How top down is Connoseur likely to be?
Connoisseur is not buying Cumulus. A separate entity headed by the CEO of Connoisseur is making the bid.
 
...And he may also end up willing to pay less, again depending on what's found once he has the chance to look more closely at the books and operation during said "due diligence" phase.
When there is a hostile bid, the offering party is buying the shares at an offered price. There is generally no due diligence as the purchase involves stock, not the individual properties.
 
If Warsaw gets Cumulus then they would have to figure out how to deal with Los Angeles given that Cumulus has KABC-AM as Los Angeles only Cumulus managed station.

Also Disney for now is holding their only radio station left KRDC which is for now simulcasting the now Good Karma owned KSPN Los Angeles the ESPN Radio affiliate. Cumulus would need to form a cluster in the Southland if they are to be viable in Los Angeles like KABC-AM and KRDC.
 
Cumulus would need to form a cluster in the Southland if they are to be viable in Los Angeles like KABC-AM and KRDC.

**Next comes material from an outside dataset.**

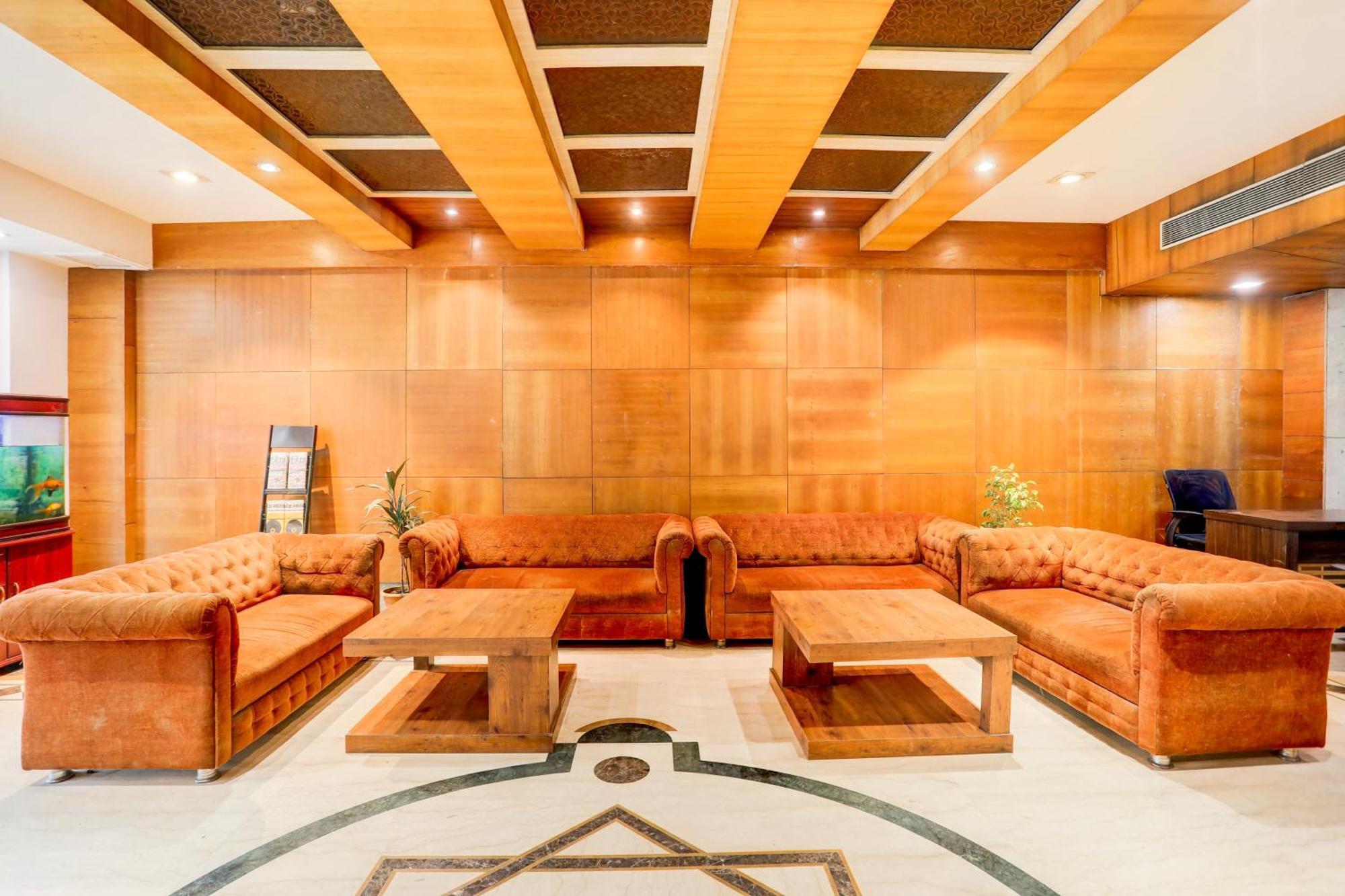 Super Townhouse Padav Square Gwalior Formerly Hotel Shelter Eksteriør bilde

Zero plus Zero equals zero.
 
My understanding is Cumulus handed the programming keys back to the local level several years ago, dropping Jan’s strict top down orders on music. I’m guessing some stations found that the adult direction worked for them and kept it, or it worked for the market.
Probably, though I'm weary of any program director (like 95.7 the vibe KC) that thinks it's a good idea to dig up Soulja boy. This station really does sound like Jan Jefferies era cumulus pop.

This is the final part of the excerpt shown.